* What you should do:
Give back exactly the lines starting at the one with "Internal capacity of" and ending at the last line of the data below. Pictures are not part of the copy.
▽
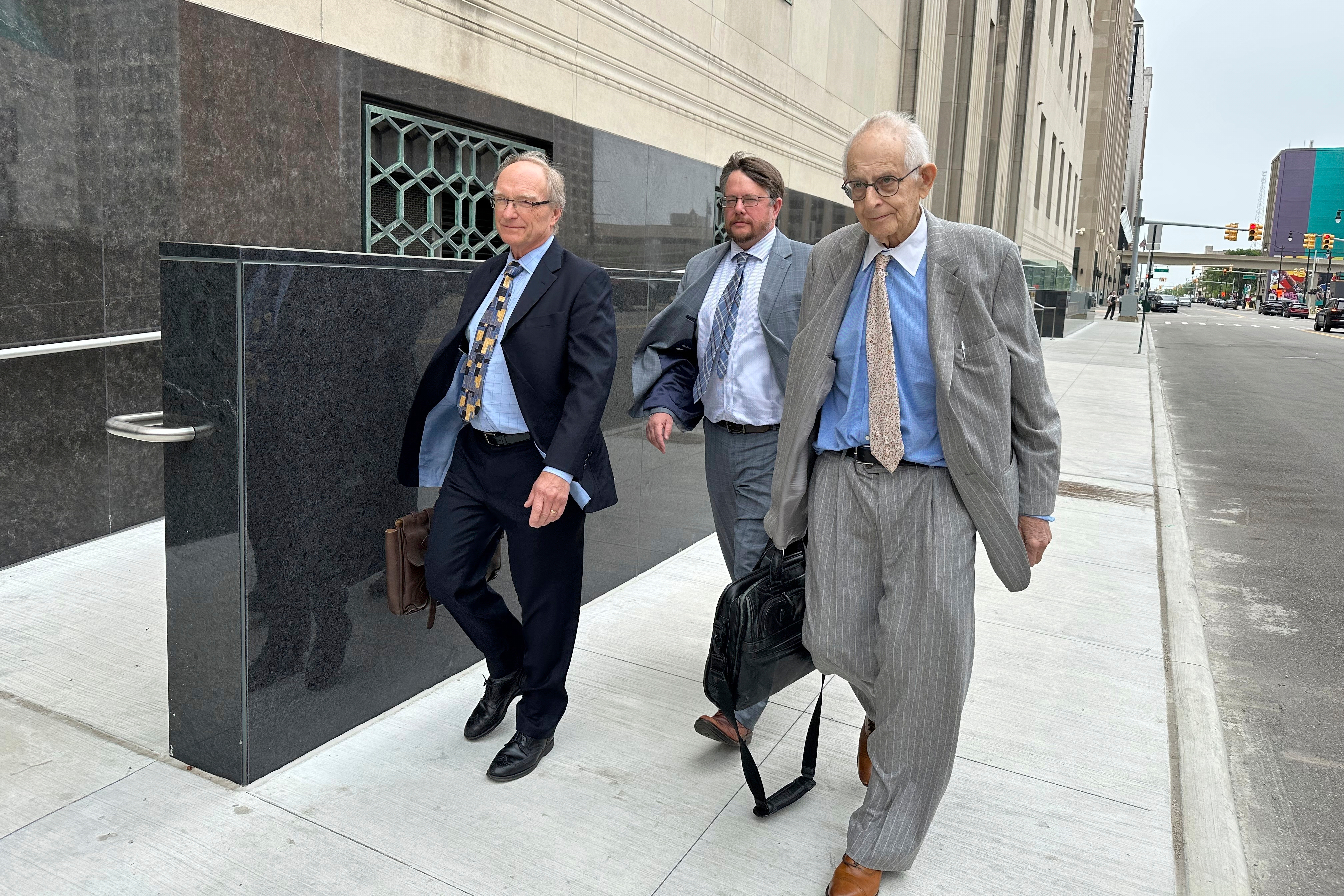 Defense lawyers for Chinese scientist Yunqing Jian, from left, David Duncan, James Gerometta and Norman Zalkind leave federal court in Detroit on June 13, 2025. (AP Photo/Ed White)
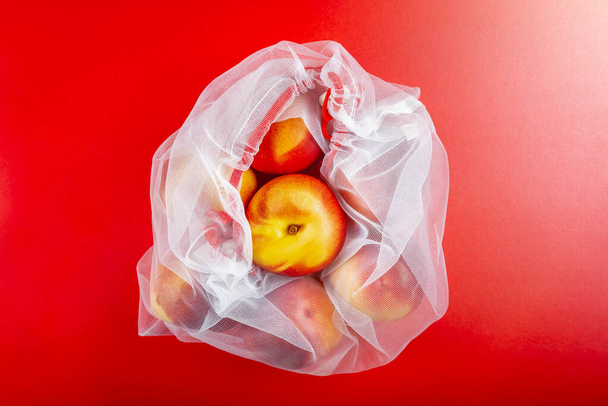 コットンストリングメッシュバッグ、食料品用再利用可能なショッピングトート - 写真・画像
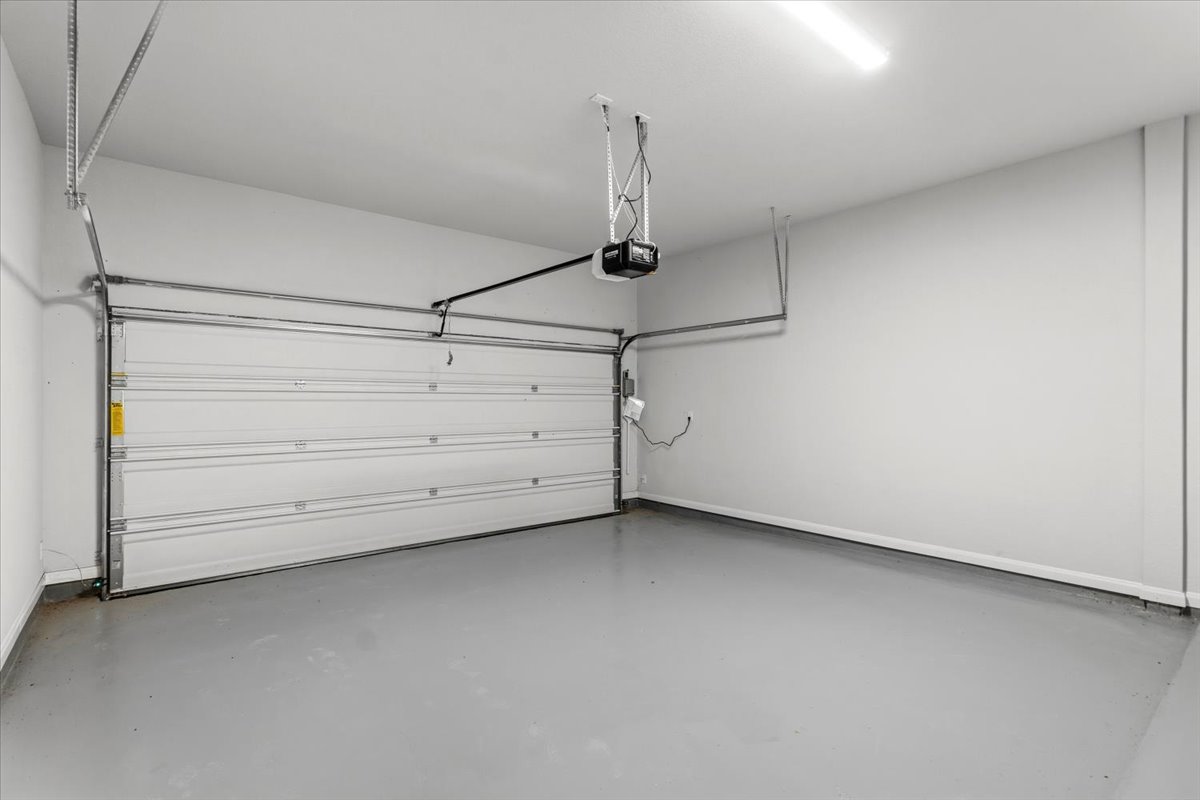 8513 Wellspring Loop Round Rock, TX 78665 - Photo 32 of 40 Garage with baseboards and a garage door opener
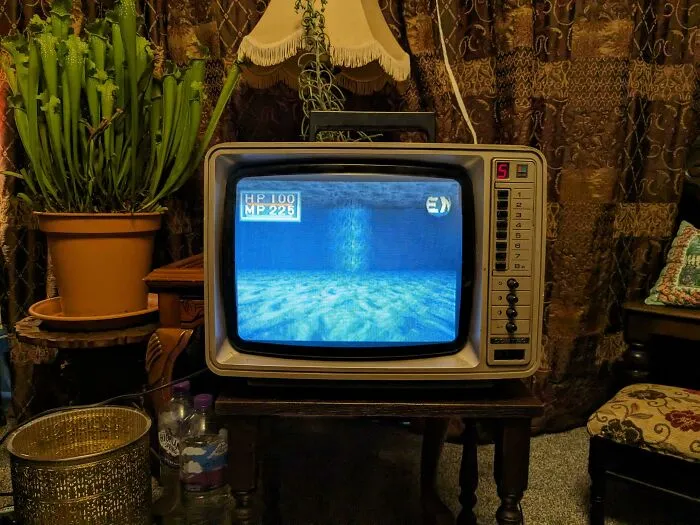 Small classic television set displaying retro gadgets technology.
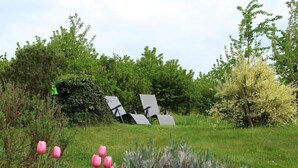 Un jardín con césped, tulipanes rosados y una escultura de metal.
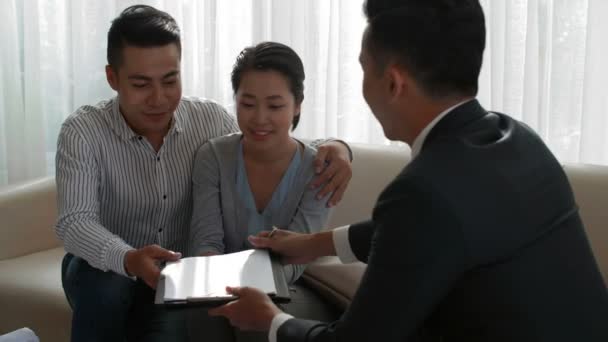 Fiatal házaspár aláírja az ingatlanvásárlási szerződést és vidáman mosolyog, miután konzultált a hivatásos brókerrel. - Felvétel, videó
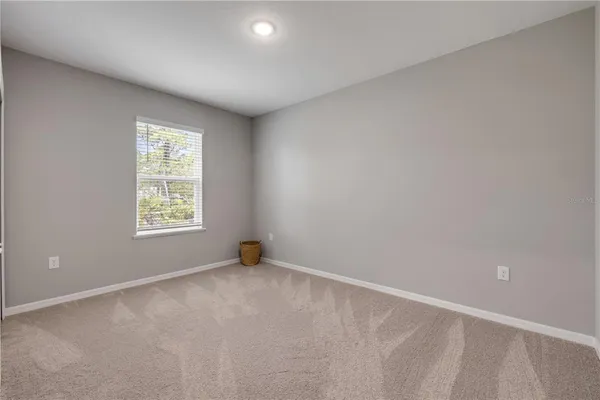 a bedroom with two beds and a couch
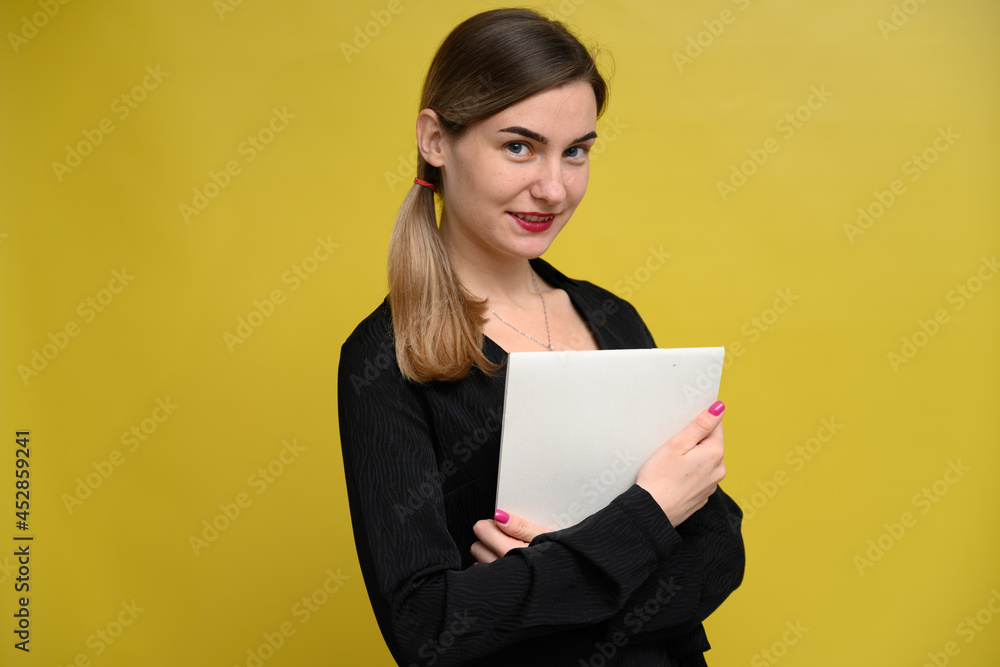 business girl portrait in studio on yellow background business girl portrait in studio on yellow background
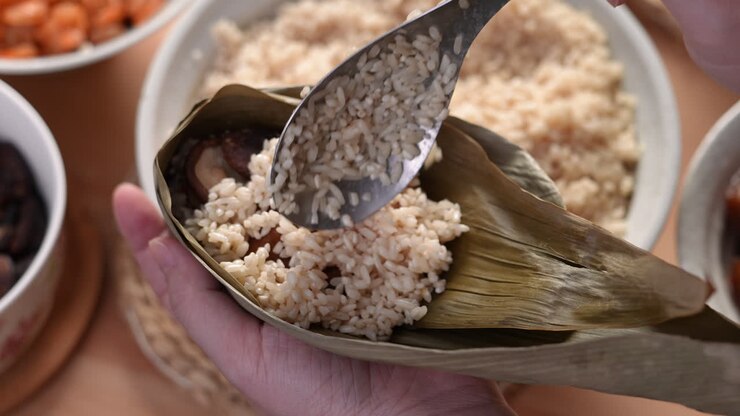 Making zongzi food - preparing and wrapping Chinese rice dumpling.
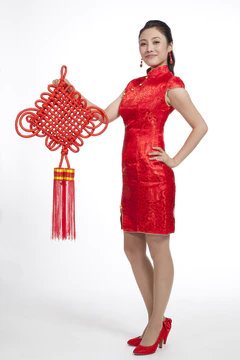 棚拍节日身穿红色旗袍的年轻女人拿着中国结图片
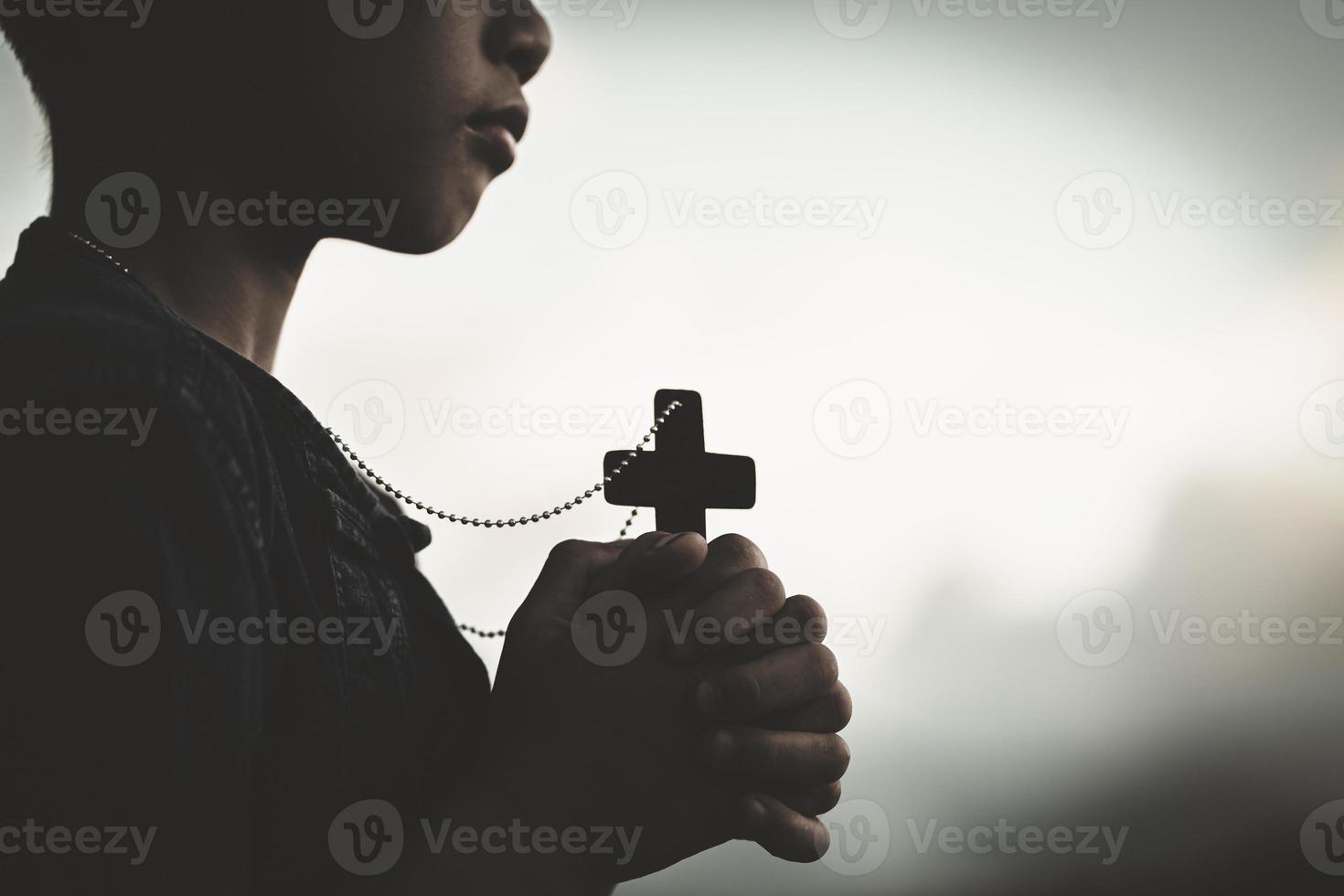 mãos de menino segurando uma cruz sagrada e orando a deus, criança orando pela religião de deus. foto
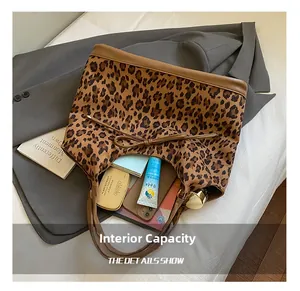 Internal capacity of leopard print tote bag with phone and cosmetics inside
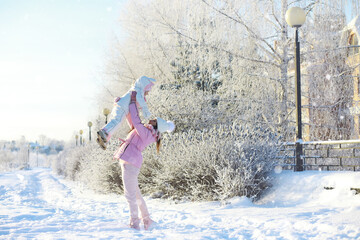 Winter walk on the street on a sunny frosty day. Family with children play snowballs in the park. Winter holidays and family vacation.
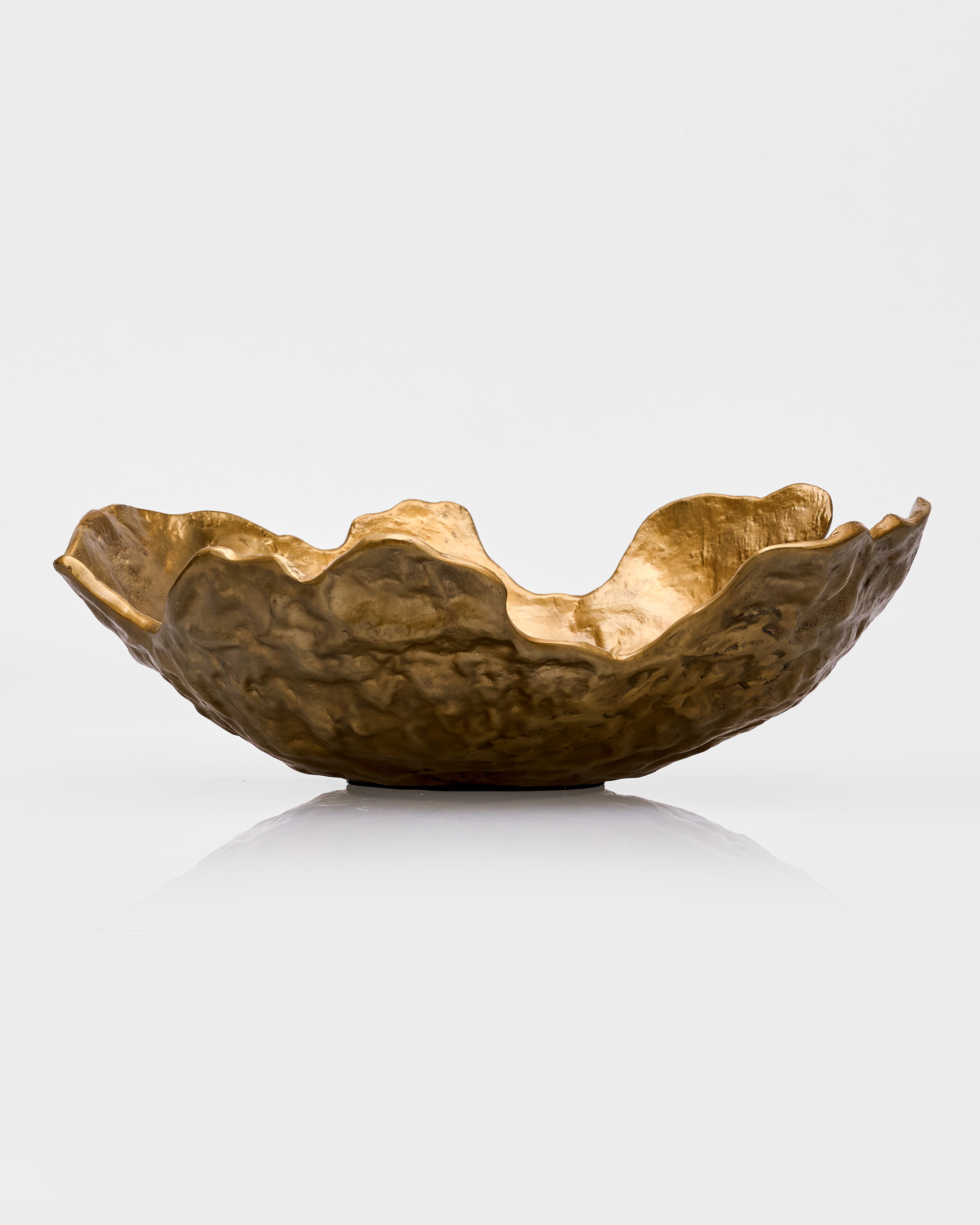 Gold decorative bowl bronze on a white background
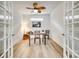 Bright office space with wood floors, modern desk, and a decorative ceiling fan at 333 Lifestyle Ct, Cramerton, NC 28056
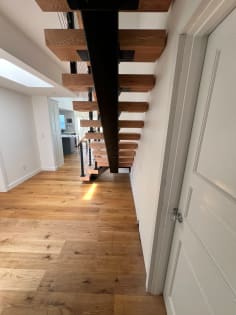 Black mono stringer with thick red oak treads seen from below in a long hallway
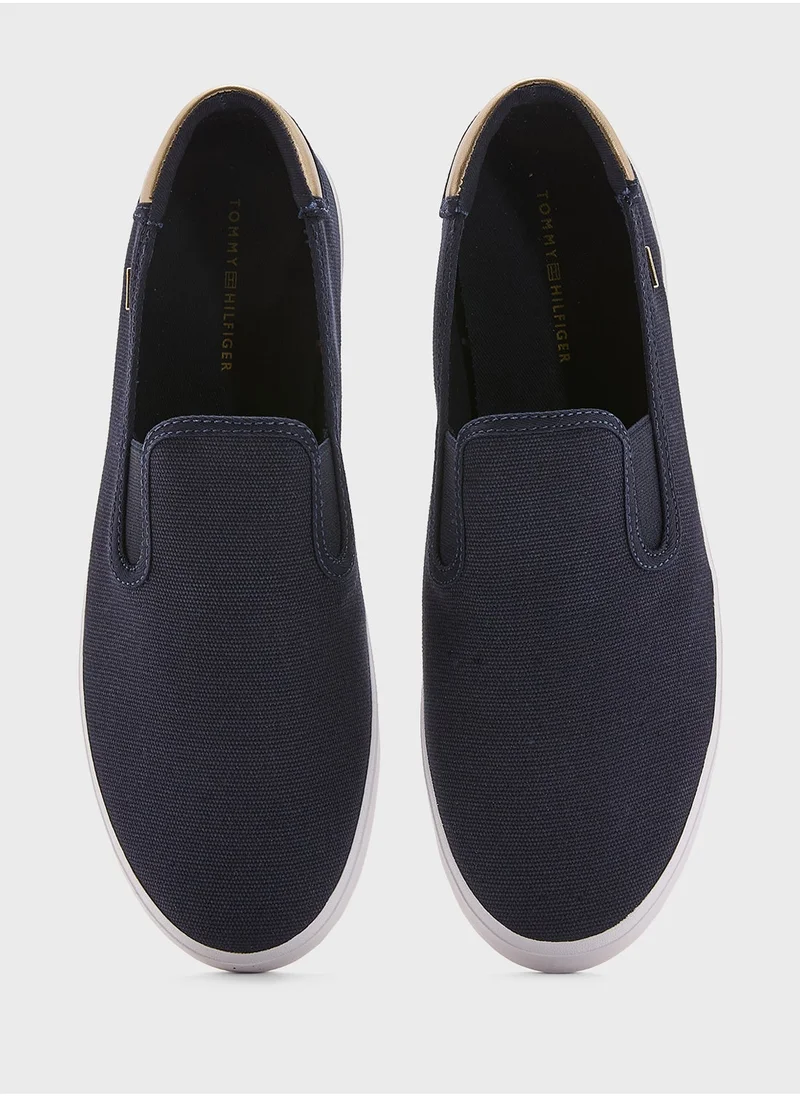 TOMMY HILFIGER VULCANISED CANVAS SLIP ON TRAINERS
△
* Output for this exercise:
 Internal capacity of leopard print tote bag with phone and cosmetics inside
 Winter walk on the street on a sunny frosty day. Family with children play snowballs in the park. Winter holidays and family vacation.
 Gold decorative bowl bronze on a white background
 Bright office space with wood floors, modern desk, and a decorative ceiling fan at 333 Lifestyle Ct, Cramerton, NC 28056
 Black mono stringer with thick red oak treads seen from below in a long hallway
 TOMMY HILFIGER VULCANISED CANVAS SLIP ON TRAINERS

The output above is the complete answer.